» Problem description:
Only the lines from the one that contains "سعادة لـ سائحي" through the end of the entries, both included, should be transcribed, exactly and without pictures.

[Caption-style text data]
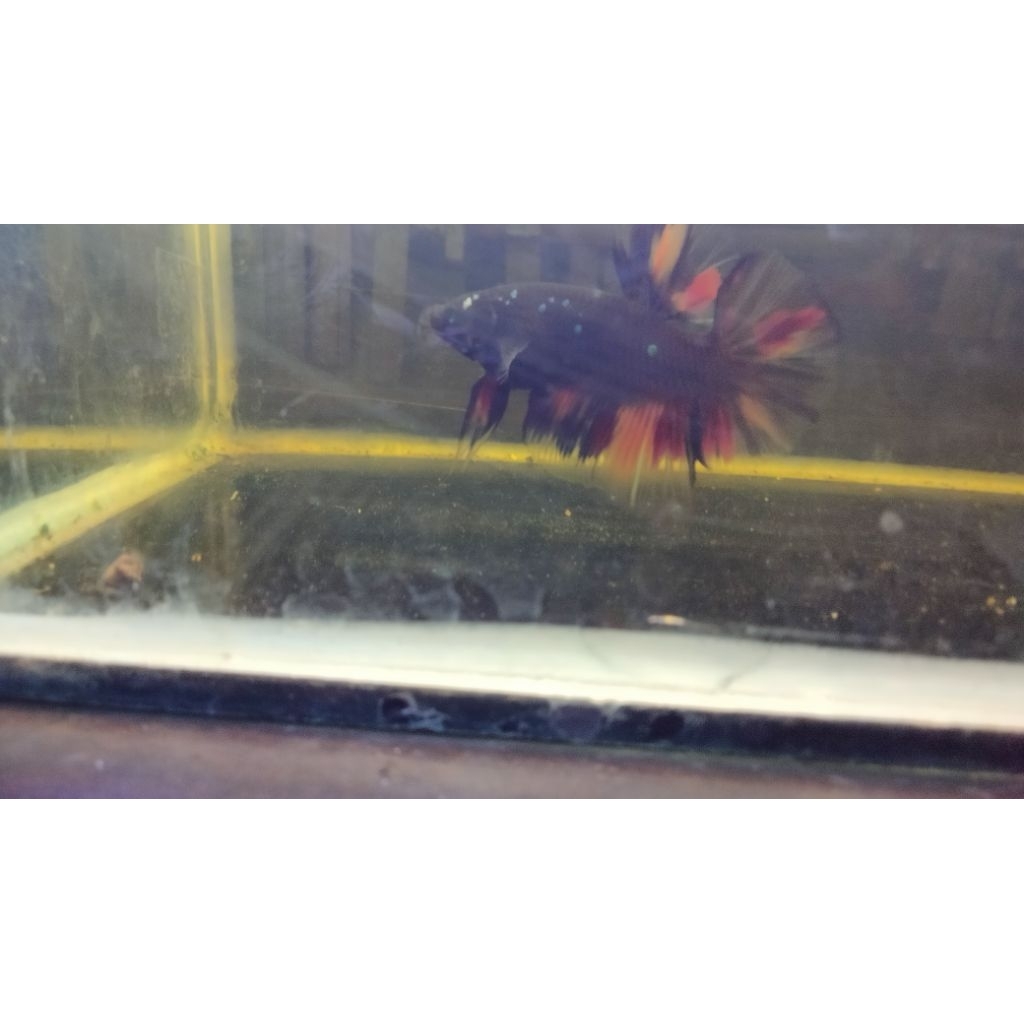 Male giant Avatar daging hitam bo 4-6 dijamin ori, minimal co 10 dapat bonus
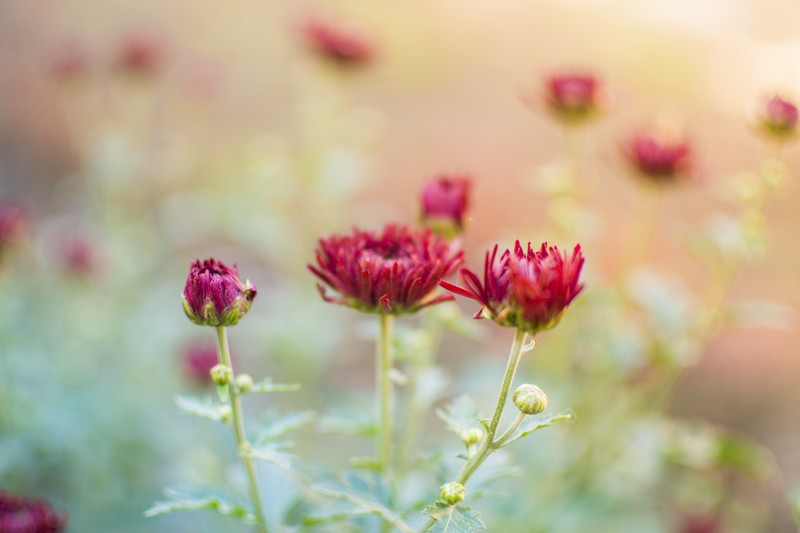 flowers, chrysanthemums, fall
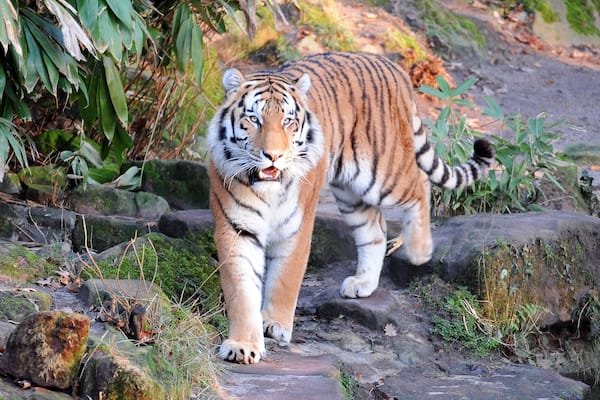 Bright summer day in the Nuremberg zoo with a Siberian tiger walking on the rocks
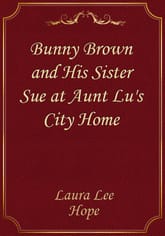 Bunny Brown and His Sister Sue at Aunt Lu's City Home 표지 이미지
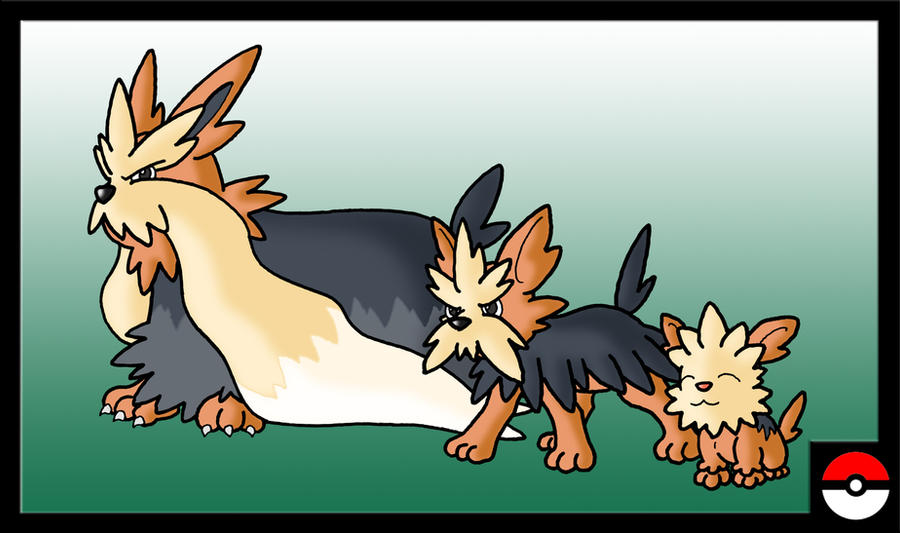 Lillipup Family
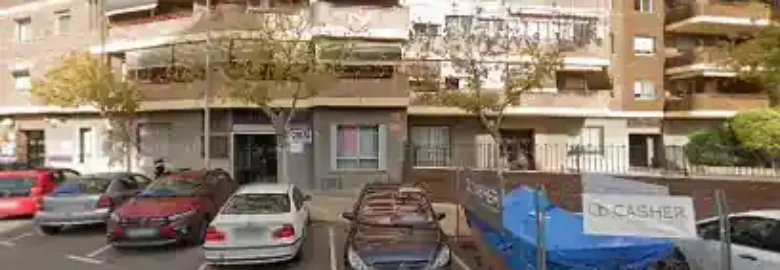 DOS adiestramiento Castellón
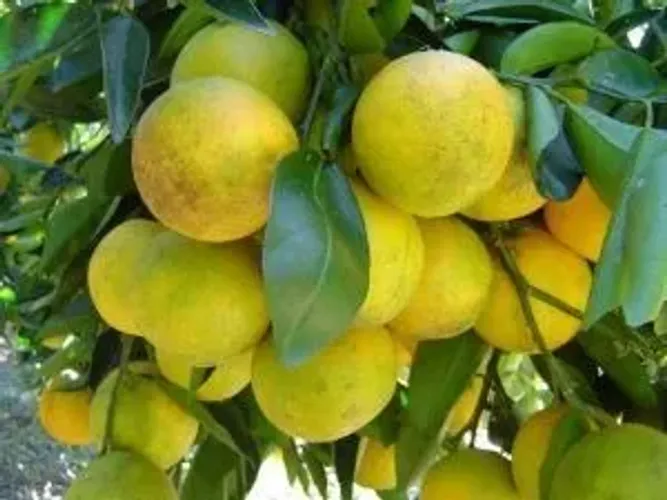 Limeira Lima da Pérsia enxertada (vendo mudas enxertadas)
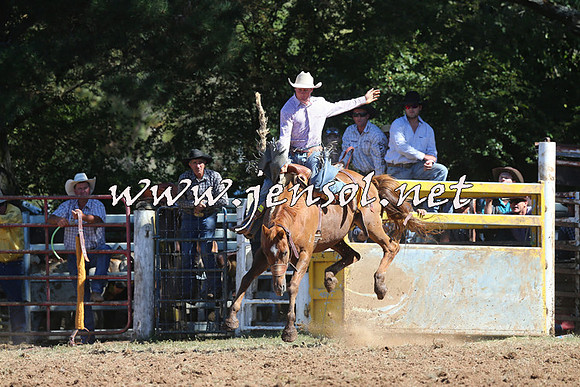 Taralga2015_4875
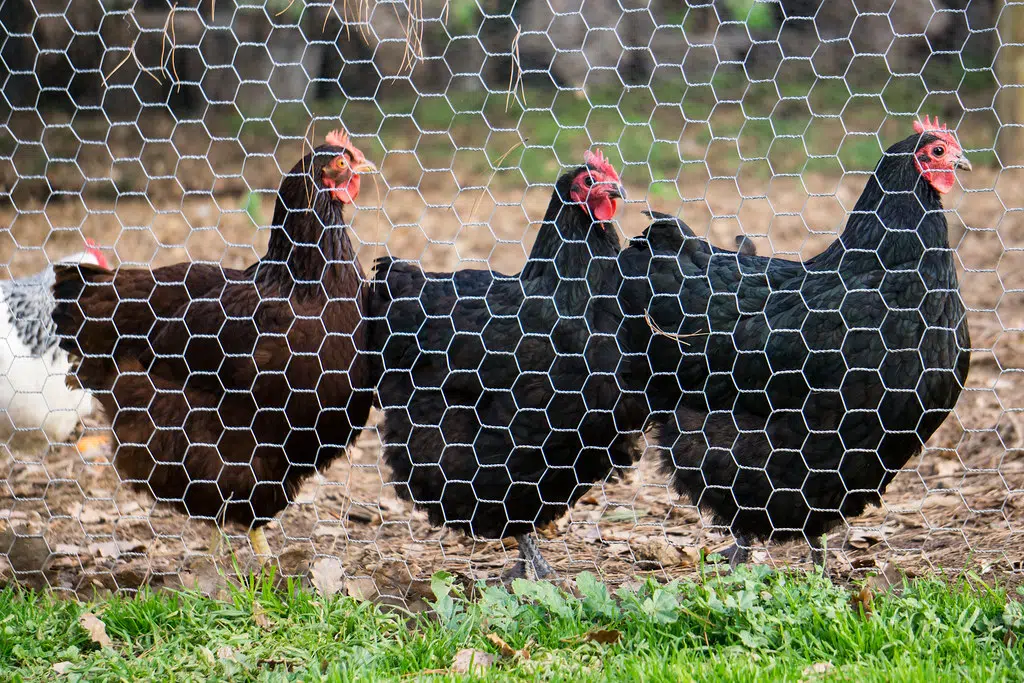 Federal Government supporting chicken, turkey and egg farmers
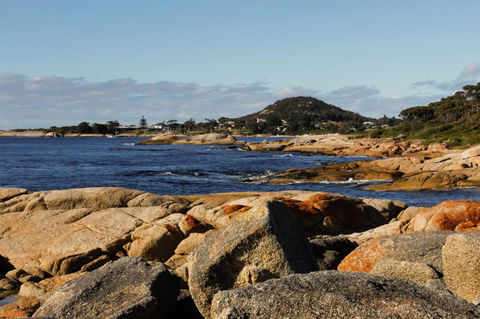 Mermaids Of Bicheno - Accommodation Brunswick Heads 15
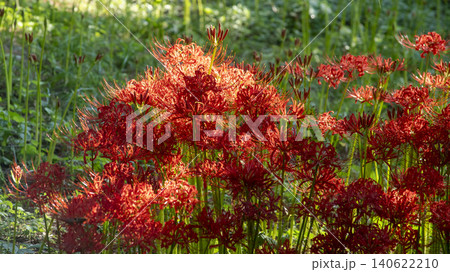 Lycoris radiata 140622210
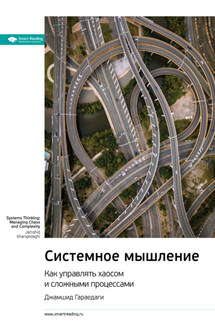 Ключевые идеи книги: Системное мышление. Как управлять хаосом и сложными процессами. Джамшид Гараедаги - Smart Reading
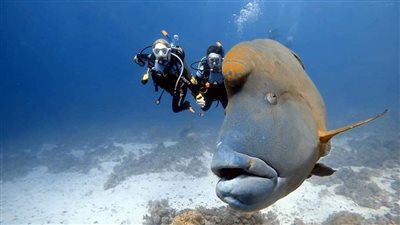 سعادة لـ سائحي الغردقة عقب مشاهدتهم سمكة نابليون أثناء غطسهم بجزيرة الجفتون الصغير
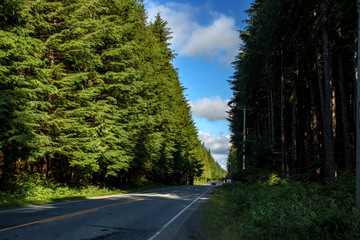 Fototapeta premium Highway cuts through the unique forest - Pacific rain forest, BC, Canada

» Output of the task:
 سعادة لـ سائحي الغردقة عقب مشاهدتهم سمكة نابليون أثناء غطسهم بجزيرة الجفتون الصغير
 Fototapeta premium Highway cuts through the unique forest - Pacific rain forest, BC, Canada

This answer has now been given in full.